I've observed that when these UDP packets arrive 'quickly' at SRC, then I have less than 5 packets received at the destination PC. If I slow the UDP inter-packet time down at the source PC, from e.g., 100us to 400us, then all 5 packets are received OK. Now, if I increase the UDP packet size from, say, 100 bytes to 200 bytes, then I have losses again. And again, if I increase the inter-packet times once more from 400us to 600us, then again all packets are received [N.B.: these byte and usec times are examples and serve only to illustrate].
My conclusion from this observation is that at the transmitter board SRC, wired ethernet packets are "bumping" into previous packets which are in mid-radio transmission. Packet A arrives on ethernet and is being transmitted out the radio.
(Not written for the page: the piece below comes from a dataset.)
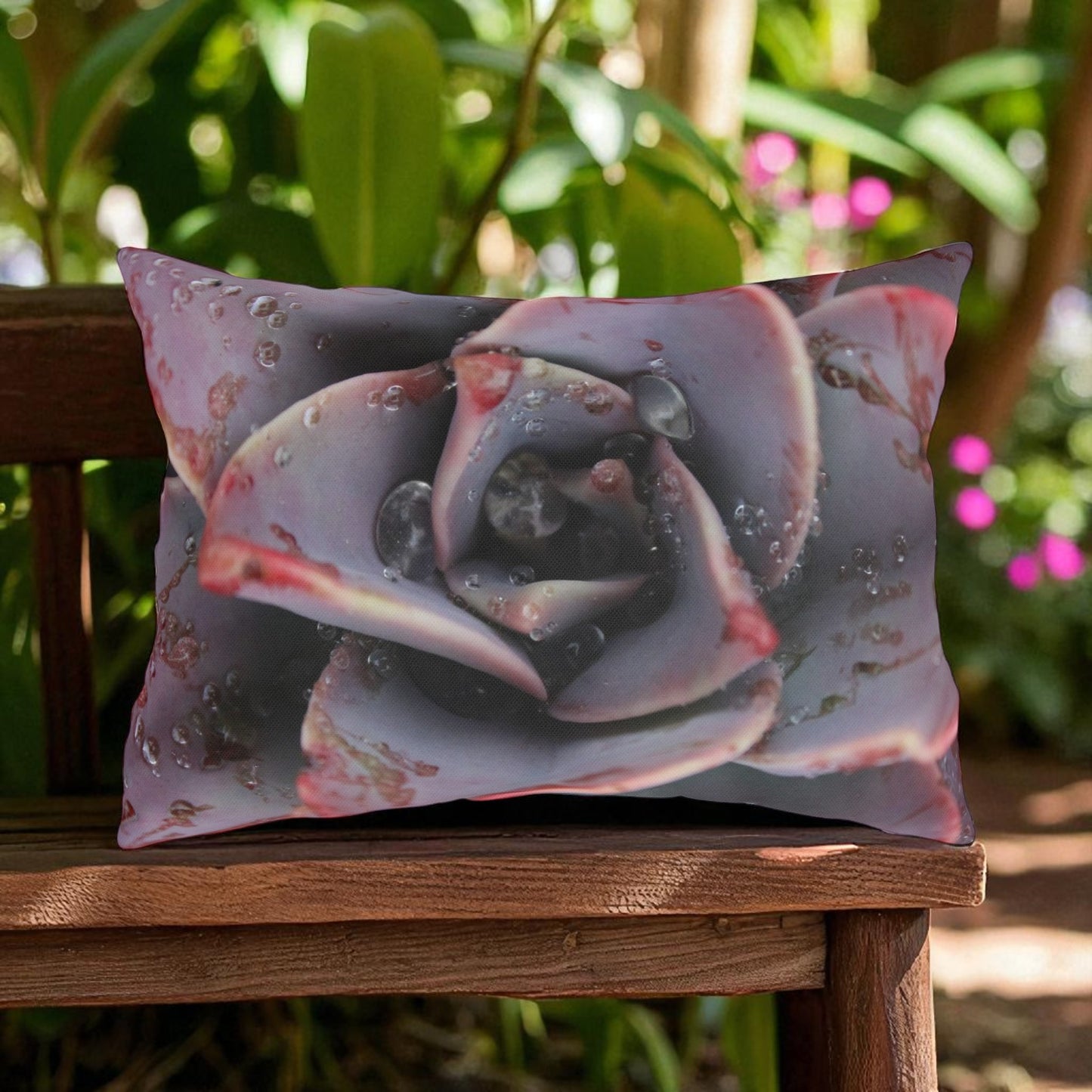 Decorative pillow with a succulent design on a wooden chair outdoors.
As it is in mid transmission, packet B arrives and "collides" with the outgoing A.
The code snippet where I do this transmission is:
queue_sel = MANAGEMENT_QID; if((qlen = queue_num_queued(queue_sel)) < MAX_TX_QUEUE_LEN){ // Put the packet in the queue enqueue_after_tail(queue_sel, curr_tx_queue_element_p); } else { // Packet was not successfully enqueued xil_printf("Exceed qlen: %d\n", qlen); return 0; }
I've tried different queues (other than MANAGEMENT_QID) but that doesn't help. I also never see the printf() message so I'm not exceeding the queue length with my 5 UDP packets.
I suspect that the problem is the enqueue_after_tail() function is not blocking. It effectively copies the packet for CPU low transmission and returns. It could potentially be called again quickly and repeat this copying - while CPU low hasn't transmitted the first packet.
Ideally, I'd like to call something like:
while (wlan_mac_get_status() & WLAN_MAC_STATUS_MASK_TX_PHY_ACTIVE) {}
either immediately before or after enqueue_after_tail() to block subsequent transmission attempts, but this function (from wlan_mac_nomac.c) is not available to CPU high.
Would anyone have any idea if my interpretation/conclusions are correct? Is there a mechanism in place to send occasional back-to-back received ethernet frames out the radio with the NOMAC application?
--vick
Offline
I think the possible explanations come down to a few things:
1) That the packets aren't actually being emitted from your PC at the rate you expect. You can rule this in or out by having your PC run Wireshark on its Ethernet interface to make sure that you actually see every expected transmission.
2) That packets are being received via Ethernet, but for some reason aren't being transmitted. You can rule this in or out with wlan_exp and retrieving the Tx Packet Counts. Specifically, is "data_num_tx_packets_total" 5 packets larger after your PC sends its 5 packets?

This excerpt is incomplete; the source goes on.